En mi nota anterior dedicada al Tratado México, Estados Unidos, Canadá, mencioné que la aceptación del T-MEC era necesaria, a pesar de que el anterior Tratado de Libre Comercio de América del Norte había significado una extranjerización de la planta productiva, una pauperización de los trabajadores, una agudización de la desigualdad, una reorientación de la economía hacia el exterior y, en general, una profundización de la dependencia de México respecto de EU. La razón para tal afirmación es que el daño ya está hecho y que ahora la elevación de aranceles a las exportaciones mexicanas o el simple abandono del TLCAN, habría provocado una crisis de larga duración y enormes consecuencias.

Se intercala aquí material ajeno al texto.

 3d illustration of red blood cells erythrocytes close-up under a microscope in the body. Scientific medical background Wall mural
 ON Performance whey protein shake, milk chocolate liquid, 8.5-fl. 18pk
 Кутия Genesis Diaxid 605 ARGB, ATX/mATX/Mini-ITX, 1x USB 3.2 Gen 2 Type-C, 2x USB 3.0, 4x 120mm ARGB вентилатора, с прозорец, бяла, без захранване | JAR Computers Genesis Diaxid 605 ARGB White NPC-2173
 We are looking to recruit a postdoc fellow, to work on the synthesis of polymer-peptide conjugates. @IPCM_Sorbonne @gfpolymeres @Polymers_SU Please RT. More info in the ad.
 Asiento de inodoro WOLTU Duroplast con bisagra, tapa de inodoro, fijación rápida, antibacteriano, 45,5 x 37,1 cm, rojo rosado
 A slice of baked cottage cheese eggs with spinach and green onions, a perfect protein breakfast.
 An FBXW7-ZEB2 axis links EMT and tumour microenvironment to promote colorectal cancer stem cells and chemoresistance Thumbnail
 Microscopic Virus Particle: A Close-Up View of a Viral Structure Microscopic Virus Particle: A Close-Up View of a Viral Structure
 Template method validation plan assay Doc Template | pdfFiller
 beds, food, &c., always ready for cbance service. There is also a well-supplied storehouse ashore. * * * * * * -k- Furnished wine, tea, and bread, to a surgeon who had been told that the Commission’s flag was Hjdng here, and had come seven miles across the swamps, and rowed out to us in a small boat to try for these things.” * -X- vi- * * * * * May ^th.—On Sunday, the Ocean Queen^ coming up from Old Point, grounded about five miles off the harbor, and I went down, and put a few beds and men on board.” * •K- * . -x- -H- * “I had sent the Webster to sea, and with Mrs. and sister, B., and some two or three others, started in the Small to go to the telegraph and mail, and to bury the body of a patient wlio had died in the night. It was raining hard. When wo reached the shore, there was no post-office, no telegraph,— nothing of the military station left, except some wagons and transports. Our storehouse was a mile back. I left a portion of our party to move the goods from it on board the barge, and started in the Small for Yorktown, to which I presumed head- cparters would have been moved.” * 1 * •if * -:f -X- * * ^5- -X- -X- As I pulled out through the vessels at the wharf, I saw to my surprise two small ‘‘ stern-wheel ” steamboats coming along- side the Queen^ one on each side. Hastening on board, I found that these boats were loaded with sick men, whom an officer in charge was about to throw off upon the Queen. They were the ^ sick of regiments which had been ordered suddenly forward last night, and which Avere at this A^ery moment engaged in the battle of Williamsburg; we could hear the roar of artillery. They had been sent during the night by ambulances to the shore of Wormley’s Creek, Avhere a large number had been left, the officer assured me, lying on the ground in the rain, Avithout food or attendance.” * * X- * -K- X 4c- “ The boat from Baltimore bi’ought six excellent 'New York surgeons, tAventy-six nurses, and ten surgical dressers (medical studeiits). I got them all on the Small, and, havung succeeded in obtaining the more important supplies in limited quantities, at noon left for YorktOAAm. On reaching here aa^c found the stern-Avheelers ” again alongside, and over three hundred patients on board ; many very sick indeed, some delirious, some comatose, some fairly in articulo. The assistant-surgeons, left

También comenté el capítulo dedicado a la industria energética, en especial el petróleo, así como al que aborda las empresas estatales. Me faltó referirme a los otros dos capítulos, además de los ya mencionados, que me parecen los más importantes del T-MEC

En cuanto a la inversión extranjera, el T-MEC establece todas las garantías para que no haya trabas para su entrada, ni tampoco para la repatriación de capitales. Además, pone especial énfasis en los métodos de arbitraje para el caso de controversias entre inversionistas y Estado, y señala explícitamente áreas en las que los inversionistas que formen parte de un contrato de gobierno, pueden iniciar reclamación por pérdidas o daños. Se trata de los sectores de hidrocarburos y gas natural, telecomunicaciones, generación de energía, transporte público y proyectos de infraestructura. Como es obvio, se quiso conseguir la permanencia de contratos otorgados en pasadas administraciones.

El capítulo laboral, aunque exigido por Estados Unidos y Canadá, resulta benéfico para los trabajadores mexicanos. Es sabido que durante las últimas décadas esa competitividad se ha sustentado en la baratura de la fuerza de trabajo mexicana. Lo que se busca en el capítulo es encarecer esa fuerza de trabajo, al exigir que se legisle para incluir derechos internacionalmente reconocidos, incluyendo condiciones aceptables “sobre salarios mínimos, horarios de trabajo, seguridad y salud en el empleo”. Igualmente se fija la obligación de México de asegurar en su legislación los derechos a la libertad de asociación y a los contratos colectivos.

Se recordará que durante las negociaciones de 2017 y 2018, mientras los capítulos referentes a la industria energética, así como a las inversiones, se aceptaron por los negociadores mexicanos de ese momento, sobre el laboral se dijo que ese punto era “innegociable”. Ahora ya aceptado, es el capítulo que favorecerá, sin duda, a los trabajadores mexicanos y que ya ha determinado cambios en la legislación que abren oportunidades para la lucha contra el charrismo y el sindicalismo blanco.

Las menciones sobre la condición laborales están especialmente destinadas a la industria automotriz, ya que se combina con las reglas de origen, para que las mercancías producidas puedan considerarse fabricadas en la región y, en consecuencia, se les apliquen los beneficios establecidos en el T-MEC. Por supuesto, no es que los negociadores estén muy interesados en mejorar las condiciones de vida y de trabajo de los mexicanos empleados en la industria automotriz, sino que se busca que a las empresas estadounidenses de esa rama no les resulte tanto ahorro de costos al contratar a trabajadores que ganan hoy entre 8 y 10 veces menos que sus colegas estadounidenses, y que, en consecuencia, las corporaciones automotrices prefieran establecerse en el país vecino.

Dudo mucho que ese objetivo se cumpla, no sólo porque las inversiones ya están hechas en nuestro territorio, sino porque aun si mejoran los salarios y las condiciones de los trabajadores mexicanos todavía resultará más barato. Al margen de las intenciones, el hecho es que el capítulo laboral del T-MEC servirá para que haya una mejoría en la situación de los trabajadores mexicanos, en especial de la rama automotriz.